With the optics all good, a stable coalition in place and a government that appears to be running like a well-oiled machine, giving the PM time to plant trees (even if this is the wrong time of year to do so) and wave off EV buses to celebrate World Environment Day, the zing is missing. Is it because the PM is missing the gruelling labour needed to fight to win in challenging elections? Are the months between now and the Bihar election, to be followed soon after with Assembly elections in Assam, West Bengal, Kerala and Tamil Nadu, a sort of hiatus, when he is in suspended motion? Is it because the routines of governance, after 11 years in office, present few surprises that he could find challenging?
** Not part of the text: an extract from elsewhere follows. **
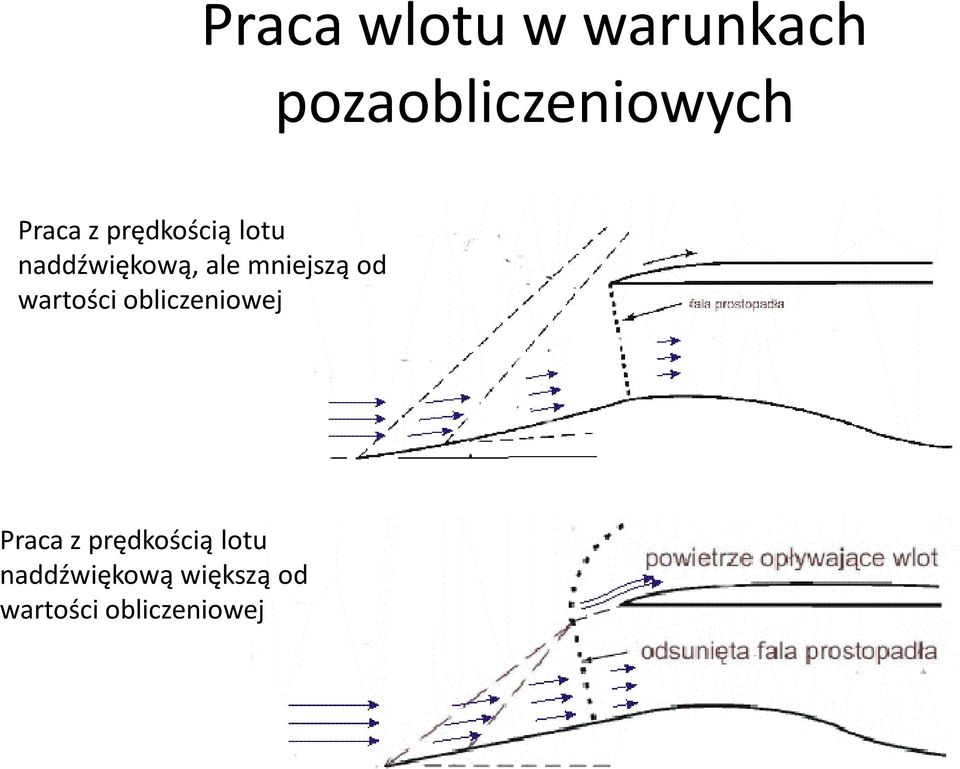 mniejszą od wartości obliczeniowej Praca z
Or is the reality that the BJP is not inclusive, in its ability to represent a nation as diverse as India, has now kicked in? In order to ensure that the delegations to represent India overseas included enough Muslim leaders of substance, the Modi government had to depend on its sworn political adversaries. The seven delegations India sent out to represent the nation’s unity and display to the world were representative of the differences that exist in India’s democracy. The differences include the Muslim minority that the BJP, as a political party, has assiduously denied representation in their lists of candidates for the Lok Sabha and Assembly elections. The Opposition has done him a huge favour and he knows that there are no free lunches. Rahul Gandhi and the Congress may be Mr Modi’s favourite punching bag in election season and out of it, but the Congress and other Opposition parties have supplied the diversity that the Modi government needed to be credible to the world as a democracy with diversity.
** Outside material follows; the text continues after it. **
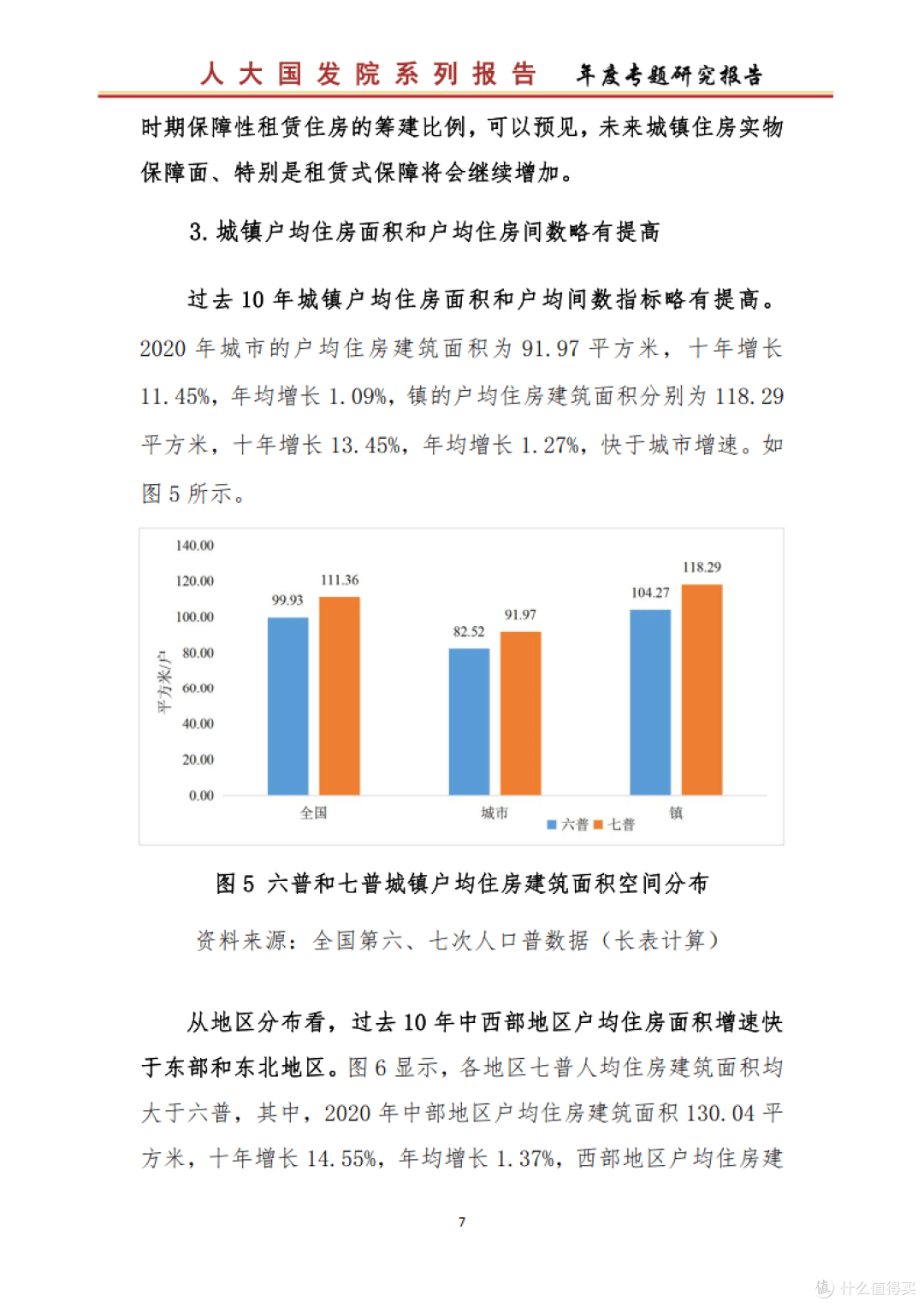 从七普数据看我国城镇住房的发展（附下载）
Having indulged in name calling, branding Rahul Gandhi and multiple Opposition leaders as anti-nationals, working on an agenda taken out of Jinnah’s playbook on communalising and dividing the nation, declaring that the “mangalsutra” worn by married women would be snatched if the Congress won the elections, describing the Congress as a den of “Urban Naxals”, the Modi government could end up sounding terribly ungrateful if it continues to use the same playbook to trash the competition.

The Opposition, weak, fragmented and fractious as it is, should be able to extract a political price from the solidarity it has demonstrated to bail out the Modi government in a moment of national crisis.

That could be why Mr Modi, as the BJP’s star campaigner and the persona who leads a Hindu majority nation, is looking and sounding so different from his usual abrasive-aggressive self.